To give the Owner the ability to single-handedly sail Bellatrix and enjoy short-duration family cruises without professional crew, we selected an in-boom mainsail furling system and two roller-furling headsails. The mainsail can be hoisted via joystick actuation at the port helm station, as the mandrel and main halyard "line management system" winch are both hydraulically actuated. Bellatrix also has a hydraulically activated mainsheet, jibsheets and traveler. This allows the helmsman to steer the yacht and set and trim the sails from the helm stations. Bellatrix also has a radar screen and charting screen at each wheel so all the navigational functions may also be accomplished from the helm.


It is rare to get the opportunity to build a true first-class yacht for an owner whose primary concern is quality. Every piece of equipment or material in Bellatrix is the best available for its intended use. Yachts of this caliber are a source of pride to the Owner as well as to us at NEB, but construction of such a vessel is a demanding endeavor. New England Boatworks was challenged to build a light boat that was also quiet. We had to engineer systems normally found in much larger yachts into a 74-footer, and find a way to balance the space requirements of the hull structure and rig with those of the interior accommodations.

Sound deadening requires mass which equals weight. Sailing performance and the requirement that Bellatrix be lifted by cranes onto the mothership demanded a light, strong structure. To this end, we worked with SP Systems which supplied all pre-preg material and engineering for the yacht. The latest raceboat materials and process were used in building the hull structure, but in many cases these materials were covered with heavy material designed to reduce structure-borne noise and vibration. While one may question the use of lightweight materials if they are only to be made heavy, we would suggest that this requirement made high modulus materials even more important, because they still result in a stronger, stiffer yacht with more weight in the keel where it belongs.
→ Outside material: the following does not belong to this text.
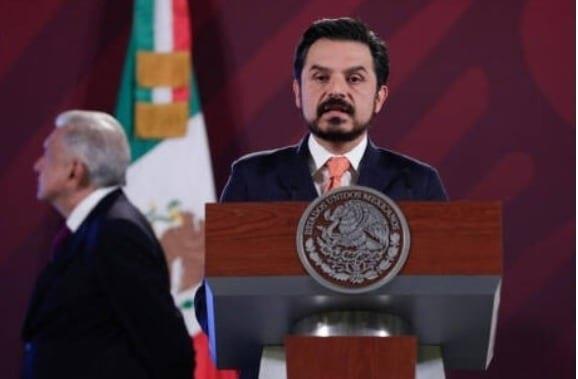 Zoé Robledo no irá por Chiapas, se mantiene en el IMSS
Possibly our biggest challenge was that machinery space was at a premium. Bellatrix has transom doors, inverters, a generator, 20 hydraulic functions, a tender bay, a disappearing anchor roller, a large retracting thruster and pushbutton sailing systems normally found in yachts over 100 feet. The challenge of fitting all of this equipment plus adequate tankage in a relatively light displacement hull was a difficult one. Most of the equipment is centrally located under the main salon sole. There is scarcely 700 millimeters of vertical height in this space above the keel structure, so access is tight. We worked very hard at laying out equipment so that it would be serviceable yet compact.

While the above may suggest that Bellatrix's accommodation is rather tight, the reverse is true. There are only two staterooms in the yacht, each with large comfortable heads. Indeed, one has a large bathtub. Passage forward and aft is easy and the main salon is a large, open space. Nevertheless, construction of any cruising yacht and particularly this one, involves careful integration of the structure and the accommodation. For example, the mast passes through the main salon just forward of a fully functioning wood stove. The location of the tender requires that there is no upper rudder bearing in the normal sense, and there is a large passage door 5 inches to starboard of the forward lift point attachment. There is also a hull window inches from the chainplates.

The challenge of the architect, the engineers and the builder is to balance requirements that often conflict. That all of these challenges were successfully met is what makes Bellatrix a unique sailing yacht.